## WORK ITEM
Return exactly, with nothing added, the lines from the one that contains "a man in a hazmat" through the end of the listing below, pictures excluded.

## DATA EXTRACT
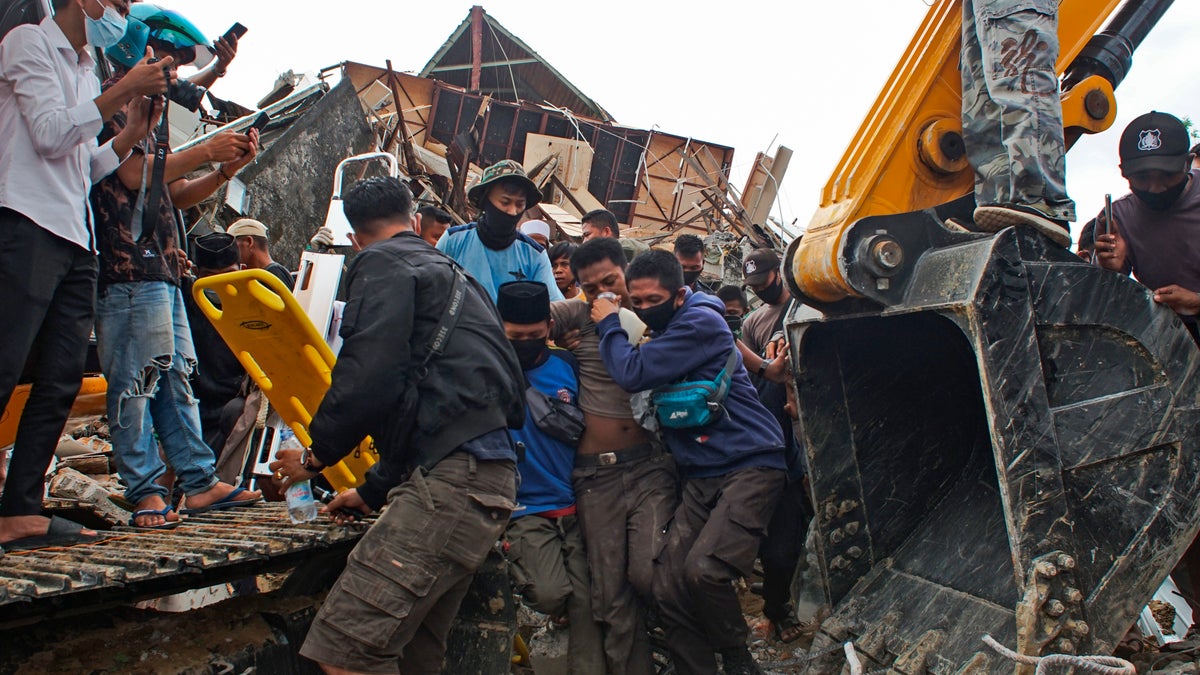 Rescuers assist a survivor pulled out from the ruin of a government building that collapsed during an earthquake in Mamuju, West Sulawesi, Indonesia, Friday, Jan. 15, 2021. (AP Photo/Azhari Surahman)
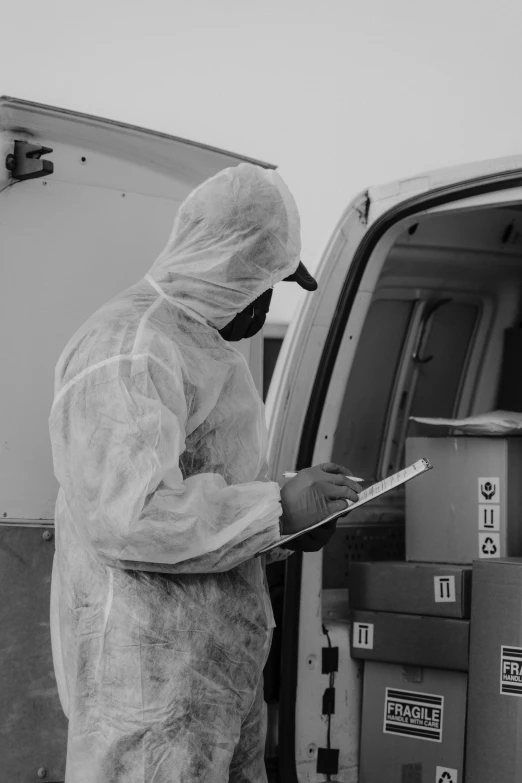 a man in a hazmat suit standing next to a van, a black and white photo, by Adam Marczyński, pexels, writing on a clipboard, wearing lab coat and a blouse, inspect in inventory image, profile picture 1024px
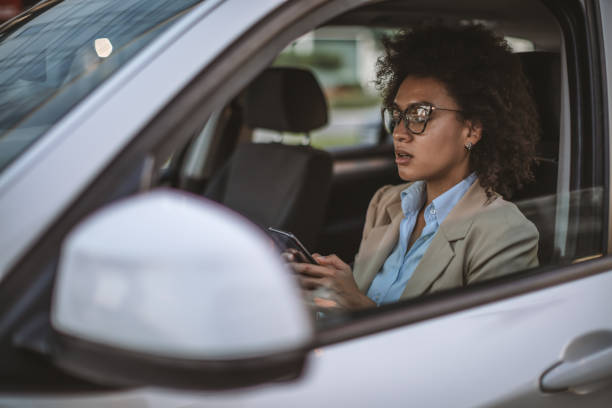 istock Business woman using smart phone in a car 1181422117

## WRITTEN ANSWER
 a man in a hazmat suit standing next to a van, a black and white photo, by Adam Marczyński, pexels, writing on a clipboard, wearing lab coat and a blouse, inspect in inventory image, profile picture 1024px
 istock Business woman using smart phone in a car 1181422117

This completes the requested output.